The only problem is that the greenhouse thing is not really an interesting or good idea to me when I’m awake.

The next step will be to decide to do something in my dream!  If I had sketched it in my dream, it would have been less of a disappointment.  Next time, in a dream, I will try to tell myself — sketch it now, so you will remember when you are awake. I wonder where that will get me.

The dream was probably inspired by going to the Brooklyn Botanic Gardens last weekend.


Image is an illustration by Maud Purdy, former staff artist of the Brooklyn Botanic Gardens.

(one of) the longest covered bridges in the United States!

May 3, 2009

In the spirit of giving the people what they want, here’s another post about covered bridges.  Seriously, my one post about a covered bridge gets about 10 times as many reads as anything else on my random, personal bog.  Maybe the world is hungry for a covered bridge blog?  Or are kids writing reports using google?  Here you go, hungry mysterious internet!


This, of course, is the majestic Cornish-Windsor bridge, spanning the Connecticut River between Cornish, New Hampshire, and Windsor, Vermont.

It is a town lattice truss, and it is 460 feet long, making it one of the longest in the United States!  Of course, note that it is a two-span, while the North Blenheim bridge is a single-span. Which is more impressive?  I say North Blenheim, but you be the judge for yourself!

I took this picture from the train, after the conductor reminded us all to look.  Train sidenote: I also eavesdropped on a conversation where the assistant conductor explained how his lifelong dream had been to work on the trains, and now here he was…. the same sort of magic doesn’t happen on buses — take the train!

My dad worked on this bridge in 1987, and I still have a t-shirt from it’s re-opening after it was fixed.  For some reason, that “Chesterfield Associates” shirt is one of my most cherished possessions.

Want to learn more about historic trusses?  Why not read my dad’s book about Historic American Roof Trusses?


Train travel

May 2, 2009

What can I say to advocate for train travel to you?

I love trains, maybe more than most people.  I wrote my undergrad thesis about trains and American history, and I just LOVE them.  Train stations beautiful, and trains connected cities and encouraged growth in the right way, I believe.

That’s why I was so heartened to hear that Obama is investing $13 billion into high-speed rail development in the US.  If we don’t all die of the flu first, this will be a very good thing for our country.  I get worried when I see all those rail-to-trail conversions — a great thing for bikes in the short run, but I don’t want to see our rail infrastructure disappear.

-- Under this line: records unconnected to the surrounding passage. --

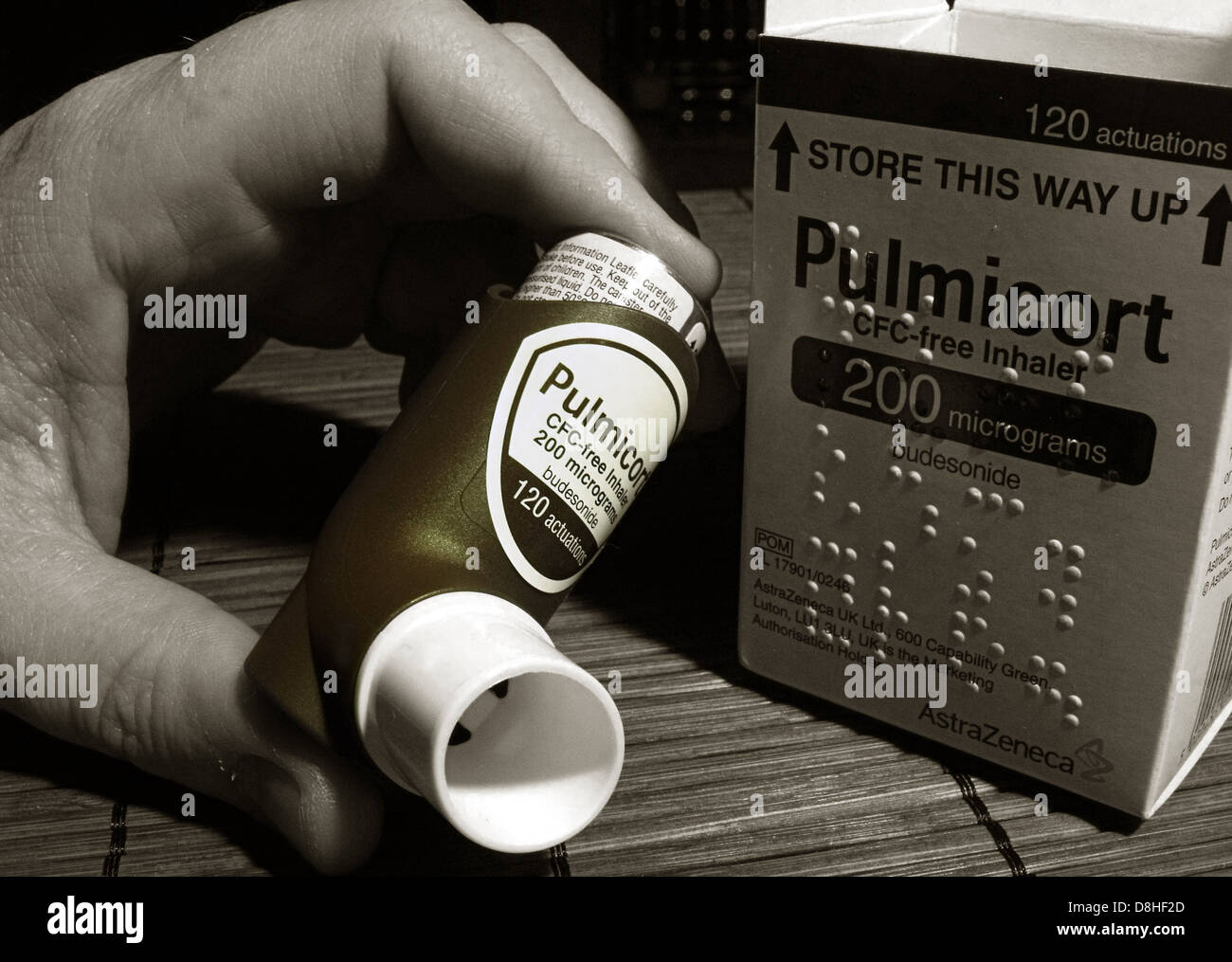 Pulmicort Asthma Inhaler with box with braille markings, held by a user Stock Photo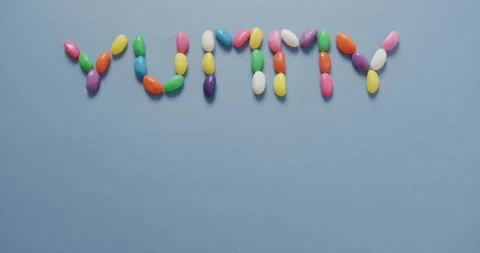 Overhead video shows text from multi-colored sweets on blue, space for copy Stock Footage 338433768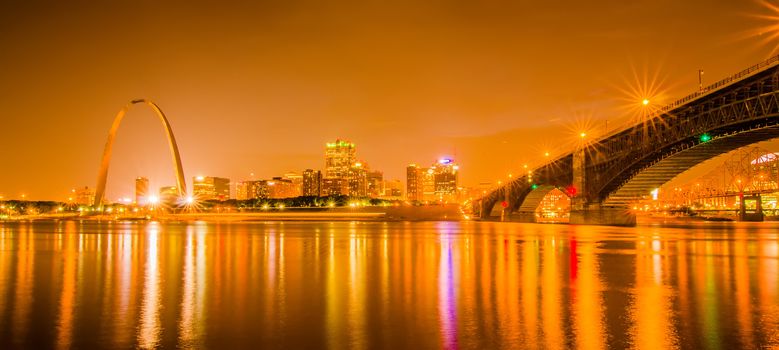 City of St. Louis skyline. Image of St. Louis downtown with Gateway Arch at twilight.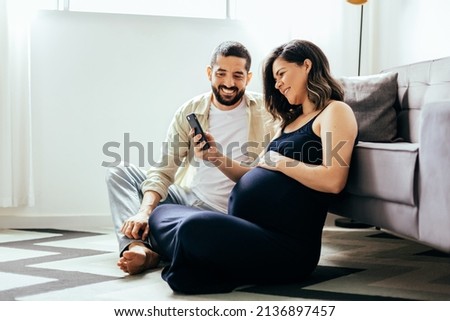 Pregnancy and technology concept. Pregnant woman and her husband spending time together using smartphone. Royalty-Free Stock Photo #2136897457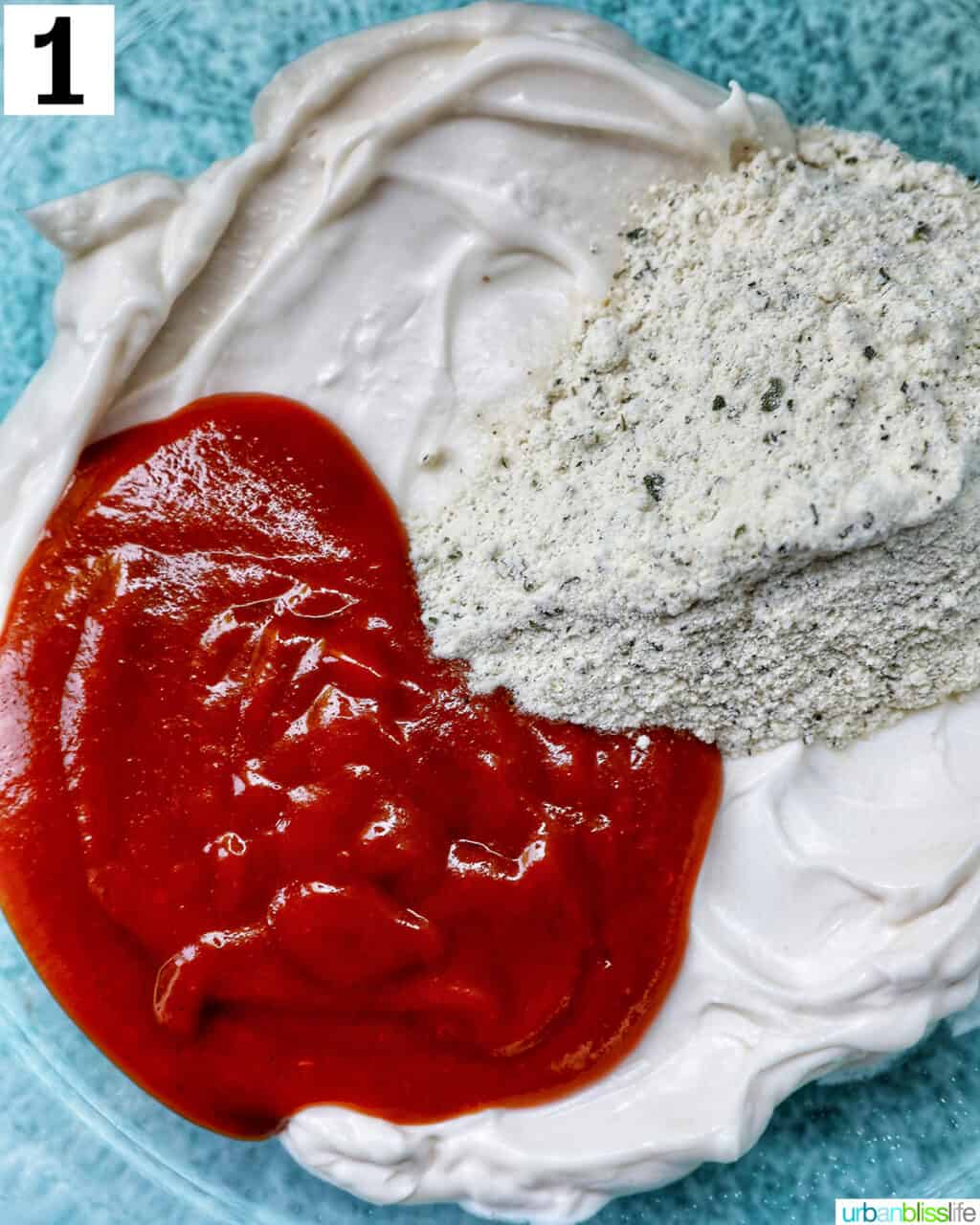 ingredients in a bowl to make buffalo ranch sauce.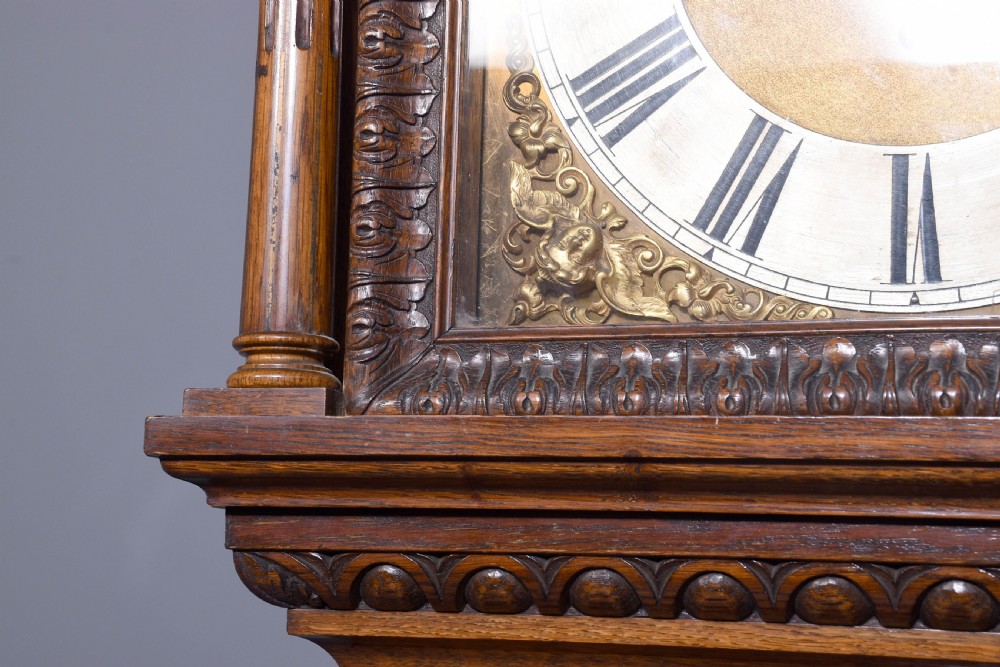 A late Victorian tall carved oak grandfather clock with a swan-neck pediment, arched brass dial, and extensive foliate relief carvings on the body and base. View IX
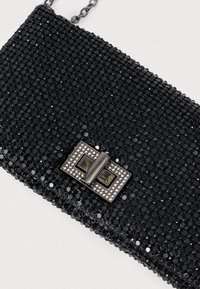 Černá kabelka na ruku pokrytá flitry s obdélníkovým kovovým zapínáním s průhlednými a tmavými akcenty, připevněný řetízek.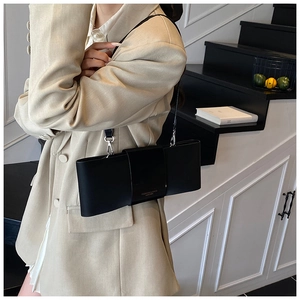 Detail of minimalist black rectangle shoulder bag with gold lettering on premium leather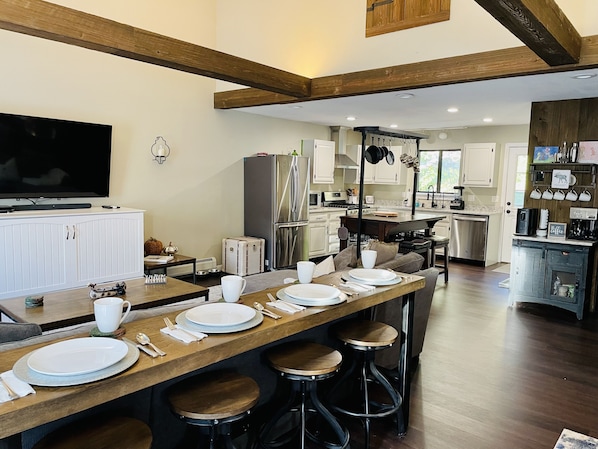 A modern kitchen with a central island, stainless steel appliances, and a dining area with stools.
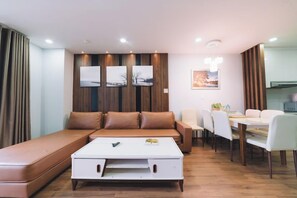 A modern living room with a sofa, a coffee table, and a dining area with chairs and a table. - Dalat Center Residence (Dalat)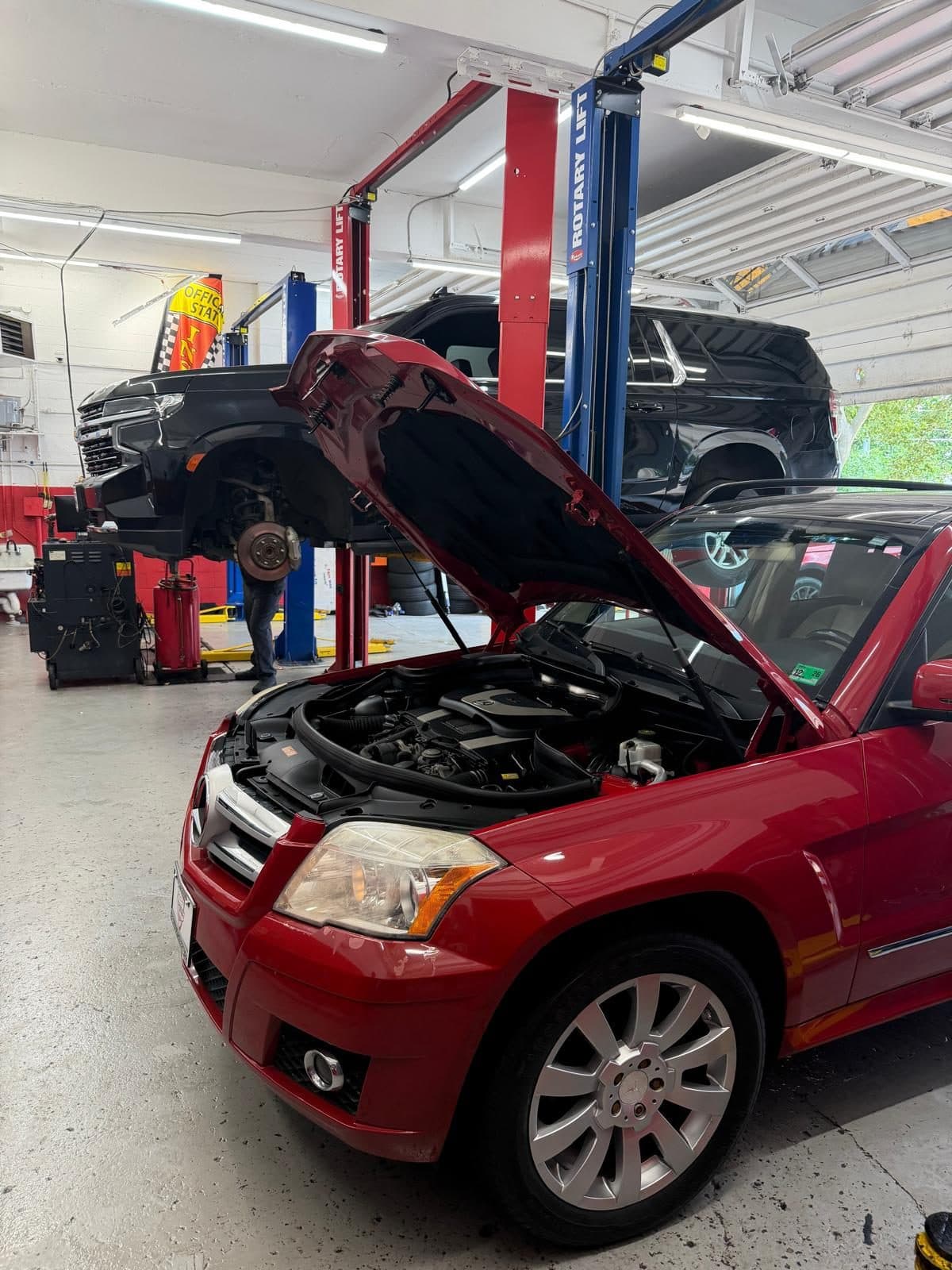 An SUV raised on the lift with a wheel removed for inspection, beside an official Virginia state inspection station banner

I took the train to New York last weekend.  Let me tell you, even just the atmosphere at the station is so refreshing……I waited with an excited crowd, and when the train whistled and came rushing down towards us my heart started beating fast and the little kids around me jumped and shouted.  I got on and settled into my roomy, roomy seat, knowing that I could move around the train as I pleased during the 9.5 hours I would be on it.  Which I know is a long time, but if you bring lots of snacks and entertainment it’s really a pleasure.


Of course, the view is beautiful, especially the Vermont part of the ride.  It’s interesting to see all the towns I know really well from the train perspective, not a car perspective.  Here is Brattleboro:


If you look closely, you can also catch site of people’s secret little spots down by the train tracks — I saw a lot of little campsites, tents, hideaways, party spots, and many, many old 40 bottles.  The history of this sort of culture and train track landscape is best transferred through this excellent book, one of my favorites:


I highly recommend it!  I also saw train buffs, watching the trains — not the Amtrak, of course, but some obscure freights.

So take the train!  You won’t regret it.  I don’t even have to mention what a good thing it is to do, environmentally.  It’s also very quiet.  You might also meet people on the train.  And national train day is coming up; it’s May 9th!